Police Clear Out Homeless from ‘The Jungle’ in Massive Sweep

“Honestly, I’m scared,” Veronica Mackenzie says, her eyes darting around to take in the commotion: police, protesters, photographers, TV news trucks and barricades. “I knew this was coming, but it came too soon. We’re still trying to figure out where to go.”

Just before 6am Thursday, San Jose police put up barricades along the sidewalk to prevent anyone from going in after they clear out The Jungle, a 68-acre shantytown at Story and Keyes roads. It’s been called the largest homeless camp in the nation. Beyond the barricades, dozens of reporters, local and international, watch while the sun rises. Protesters with signs face the street.

“Housing For All.”

“Stand with The Jungle.”

“Homeless People Matter.”

The city has spent $4 million housing the homeless over the past 18 months, according to San Jose officials. Almost as quickly as people move out from The Jungle, more move back. Estimates before today put the population at close to 300. Dozens of cops on Thursday patrolled the sweep, keeping traffic at bay while guiding evicted homeless residents up from The Jungle and out to the streets.

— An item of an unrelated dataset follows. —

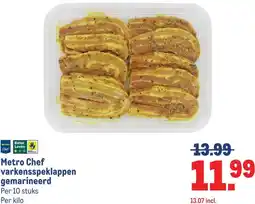 Makro Metro Chef varkensspeklappen gemarineerd aanbieding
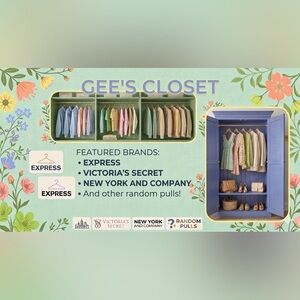 GEE'S CLOSET Featured Brands Graphic - Mint & Lavender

The city says 144 of The Jungle's residents have found housing, but 50 with rental vouchers haven't found anywhere to go. The rest, scores of them, are on their own. Even with the encampment closed, Santa Clara County is home to more than 7,500 unsheltered people on a given night.

San Jose has struggled to keep its hundreds of homeless camps under control. As a result, The Jungle has become the most populated location in recent memory. It's strewn with festering trash, human waste and so much pollution that the steelhead trout have all died off in Coyote Creek.

For some residents, especially young women like Mackenzie, The Jungle is considered safer than sleeping on a sidewalk. Life on the streets can be dangerous. She keeps an eye on her belongings, positioned at the top of the mud-slicked slope that leads to the sopping creek-side village she’s called home for most of this year.

“My dad basically disowned me, so I moved in here,” Mackenzie explains. “I grew up in San Jose, born and raised, but don’t have anyone else to stay with.”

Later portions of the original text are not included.